Flames said they would have put $275 million towards a new arena

During the Tim & Sid show the duo discussed the issue of a new NHL arena in the city of Calgary. They were later joined by Sportsnet’s John Shannon to continue the discussion on why the Calgary Flames are not close to a deal.

CALGARY — No longer talking to each other behind closed doors about a new NHL arena, the Calgary Flames and their city continue to talk loudly to the public about it.

The Flames disclosed what they think they should pay for a new arena early Thursday morning via a press release and newspaper ads in a rebuttal to the city revealing its financials last week.

Calgary Sports and Entertainment said they were willing to contribute $275 million of their own money before they ended negotiations with the city.

CSEC thinks the city can raise $225 million via a community revitalization levy (CRL), which is tax collected from new development that springs up around a new arena.
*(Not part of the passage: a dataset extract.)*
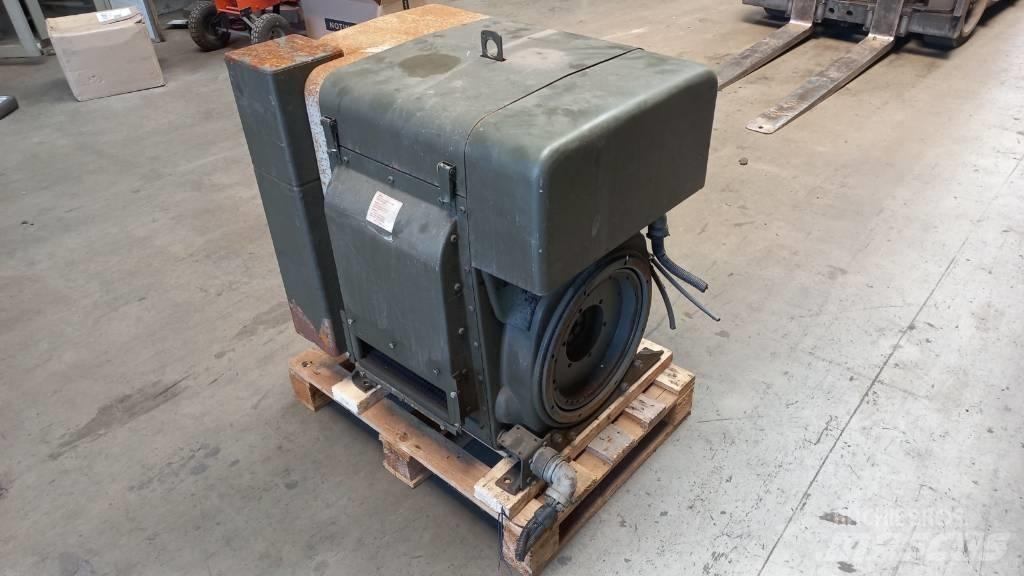 Hatz 2L30C Silniki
"In a ‘small market’ city, even one with an NHL team, a privately funded arena is not economically viable," CSEC said in a statement.

"The city’s proposal is just not workable (or even for that matter ‘fair’) based on other arena deals in comparable cities."

CSEC owns the Canadian Football League’s Calgary Stampeders, Western Hockey League’s Hitmen and National Lacrosse League’s Roughnecks in addition to the NHL’s Flames.

The ownership group is comprised of Murray Edwards, Alvin Libin, Clayton Riddell, Allan Markin and Jeff McCaig.

CSEC repeated their position stated a week ago they will no longer talk with the city about building a new arena, but will continue to make the 34-year-old Saddledome work for their teams for now.

"After two years of discussions, the Flames see absolutely no basis upon which a new agreement can be achieved with the city and have concluded that there is no point to continue the pursuit of a new arena in Calgary," their statement said.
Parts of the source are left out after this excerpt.